Could extending the life of the Invincible class could be an option if this were to happen? In the 1980s many of the older U.S. carriers got a new lease on live via a Service Life Extension Program (SLEP). Could work in combination with a naval-ized F-35 ....
Quote: he project has been awarded to the "MPOA2" (Maitrise d'Oeuvre Porte Avions No 2) consortium composed of DCN and Thales, and is now proceeding in cooperation with the UK. The design was originally though to be for a ship of about 58,000t, but detailed design work has pushed it up into the 74,000t range, fully 72% larger than the FNS Charles de Gaulle. Unlike the nuclear-powered de Gaulle, however, the PA2 will be a conventionally-powered ship with an all-electric power system driven by Rolls Royce gas turbines.
The stated goal of 80% commonality with the British CVF carrier program is now in some question, and the ship's cost has become a concern. A recent report from Mer et Marine offers some updates, and indicates that things are going relatively well for now...
[Edited 2007-01-23 21:25:23]
"When all is said and done, more will be said than done".
Connies4ever From Canada, joined Feb 2006, 4066 posts, RR: 13 Reply 1, posted (6 years 10 months 3 weeks 1 day 13 hours ago) and read 9374 times:
If this turns out to be accurate, then how long before the Canadian Forces an outgun the RN ? :^)
It would be a big loss of capability, that's for sure. Even carriers of Ark Royal's size can project force some distance. If the future CV's are not built, does the RN get a new class of Ark Royal-type vessels or continue to dwindle?
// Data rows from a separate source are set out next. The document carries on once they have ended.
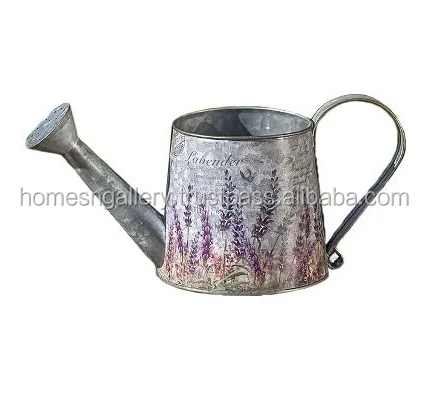 Wholesale Galvanized Home garden metal watering cans at low price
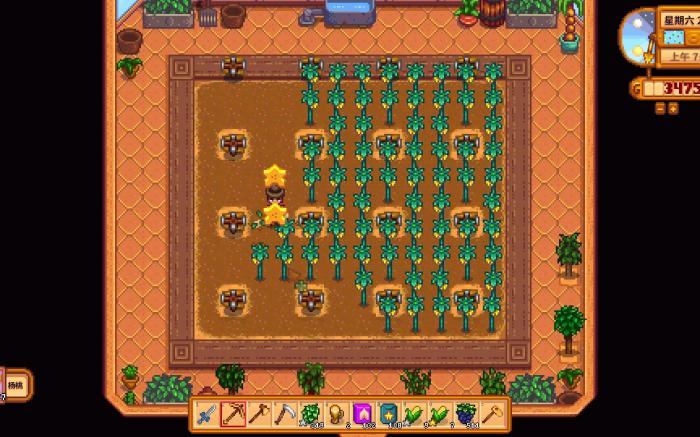 星露谷物语如何双排种植1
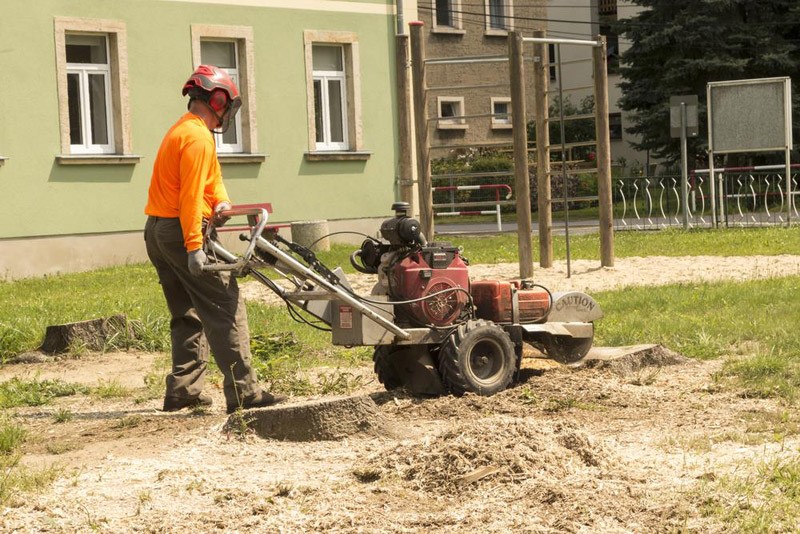 stump removal with stump grinder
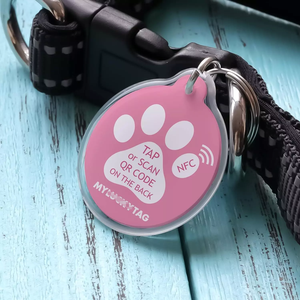 Etiquetas Personalizadas de Llavero para Mascotas con Epoxi, RFID NTAG215 13.56MHz, Etiqueta de Identificación Inteligente Impermeable para Gatos - Product Image 2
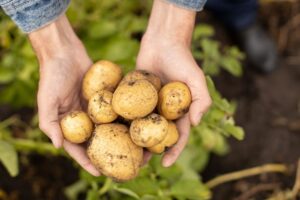 potatoes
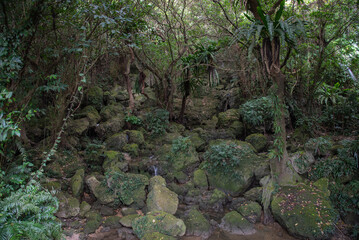 ジャングルの水源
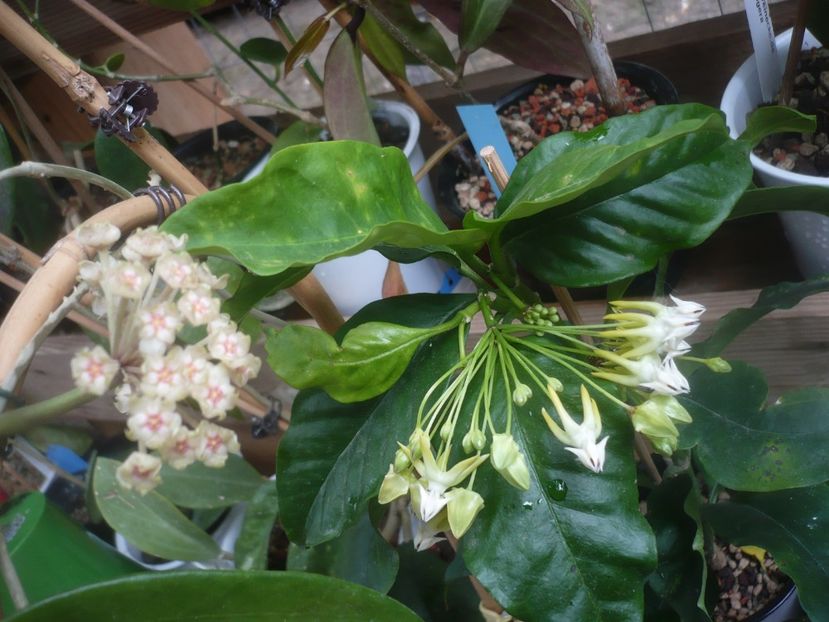 01.06.2021 - HOYA 2021-1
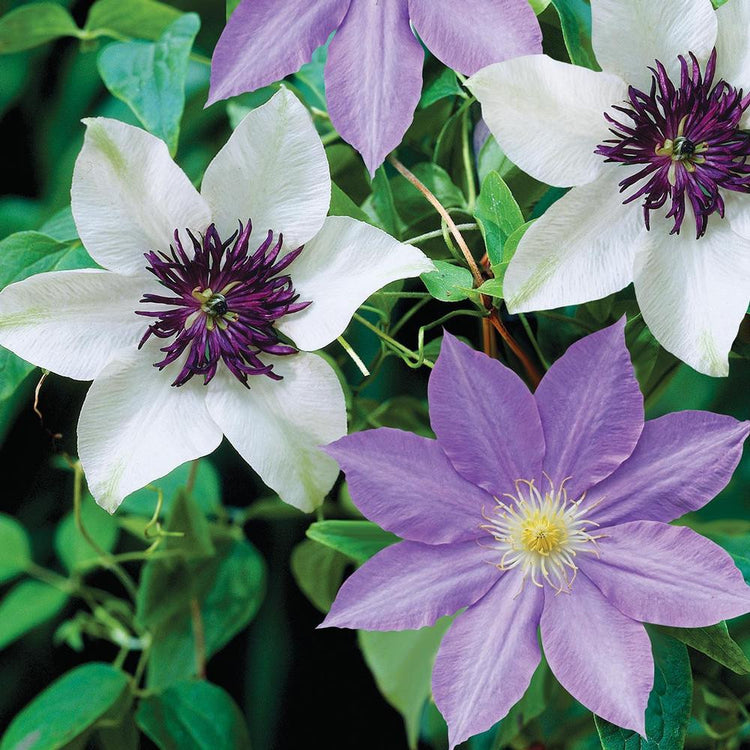 Clematis Standard Florida Sieboldii & Ramona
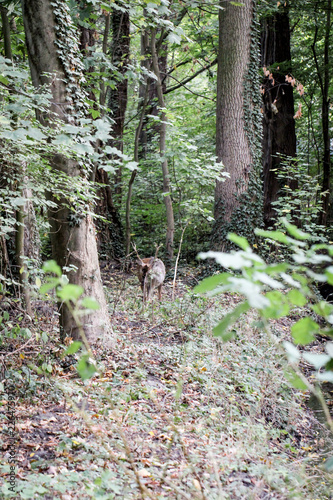 Junger Hirsch im Wald © boedefeld1969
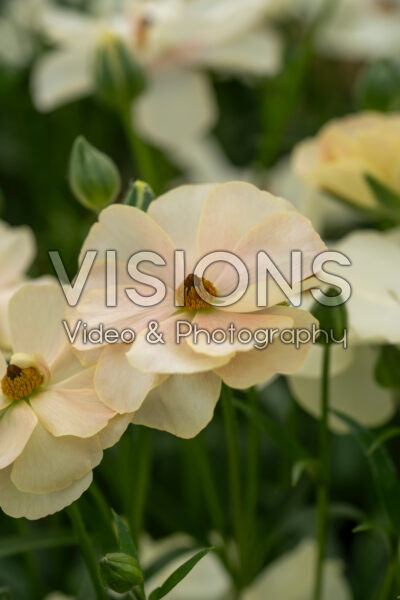 Ranunculus Butterfly™ Keramos® Ranunculus Butterfly™ Keramos®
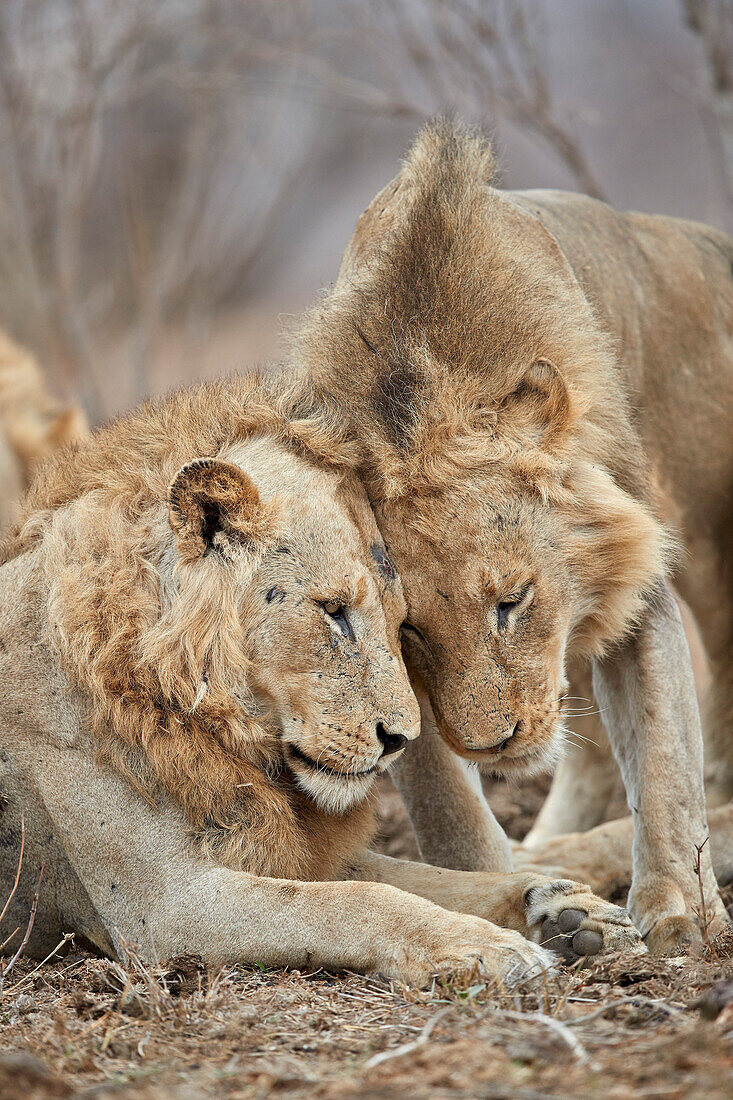 Zwei Löwen ,Panthera Leo, begrüßen einander, Kruger National Park, Südafrika, Afrika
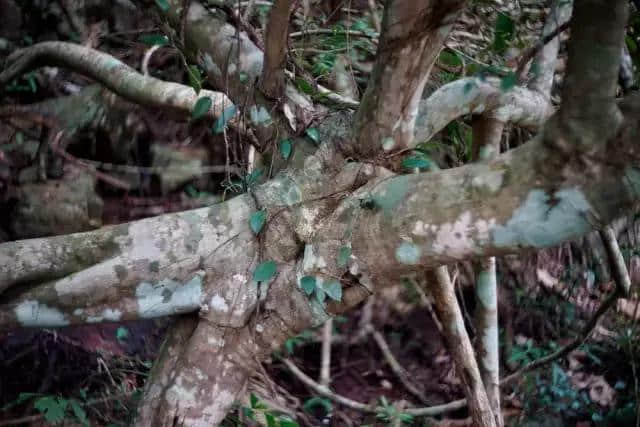 探秘呀诺达，热带雨林原来是这个样子啊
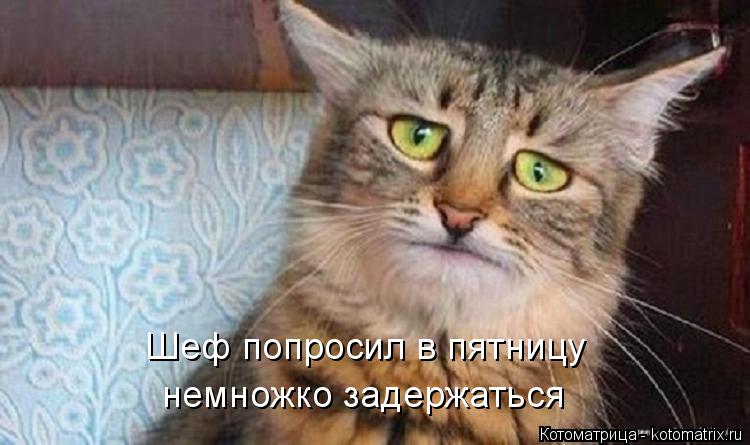 Котоматрица: Шеф попросил в пятницу немножко задержаться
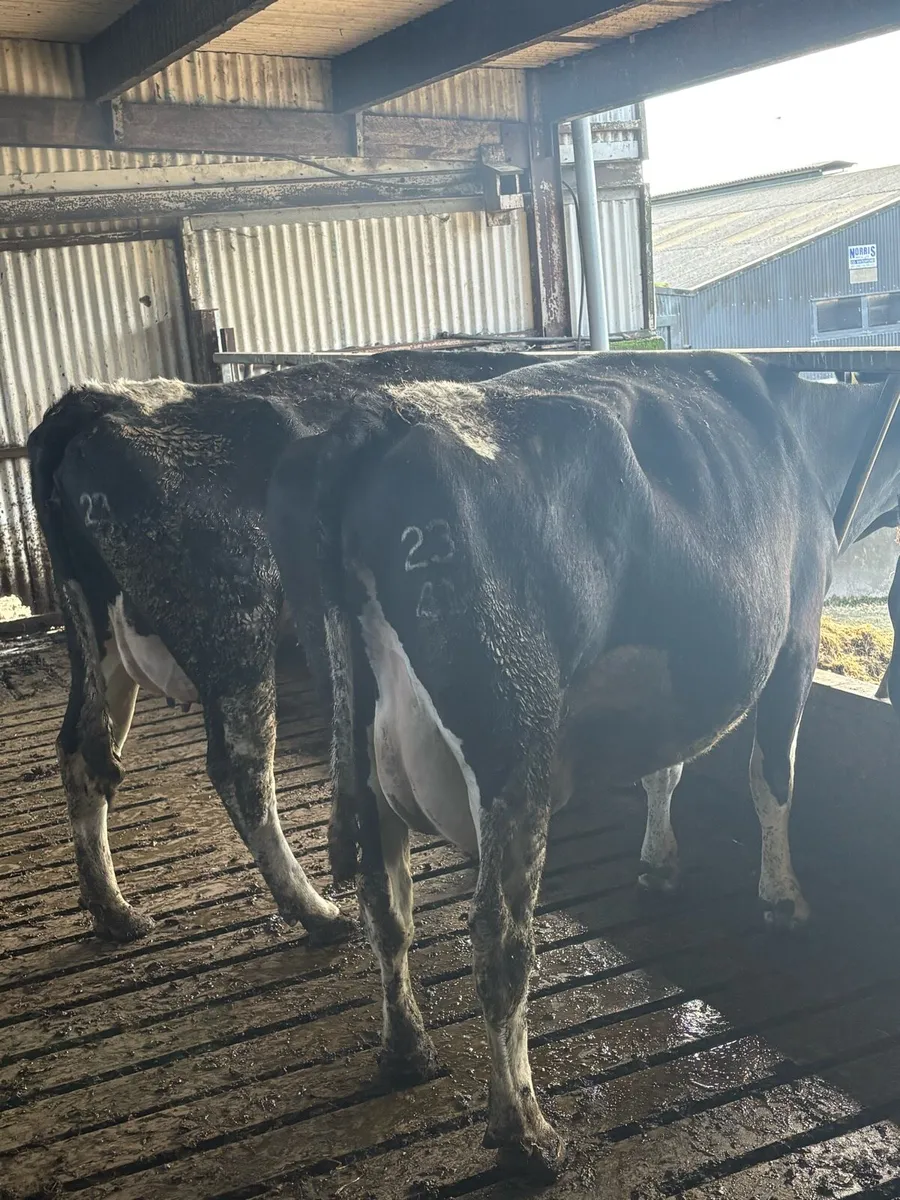 Milking cows + Springing cows - Image 4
Lumberton From United States of America, joined Jul 2005, 4708 posts, RR: 21 Reply 3, posted (6 years 10 months 3 weeks 1 day 12 hours ago) and read 9344 times:
Quoting N328KF (Reply 2): The Frogs can't be happy about this, since the third unit of class was destined to go to the French Navy.
As I understand it from the second link I posted, that ship is still planned to proceed. Also, the article is pure speculation at this point. But...if it comes to pass, could the life of the Invincibles be extended and would the F-35 be able to operate from it?
"When all is said and done, more will be said than done".
Ozair From Australia, joined Jan 2005, 755 posts, RR: 1 Reply 6, posted (6 years 10 months 3 weeks 1 day 11 hours ago) and read 9314 times:
Quoting Connies4ever (Reply 1): If the future CV's are not built, does the RN get a new class of Ark Royal-type vessels or continue to dwindle?
If this is true, and I will be really horrified if they actually go this way, I think we will see another couple of the Ocean class amphib carriers. A cheaper solution to provide a form of flight operations as well as troop transport.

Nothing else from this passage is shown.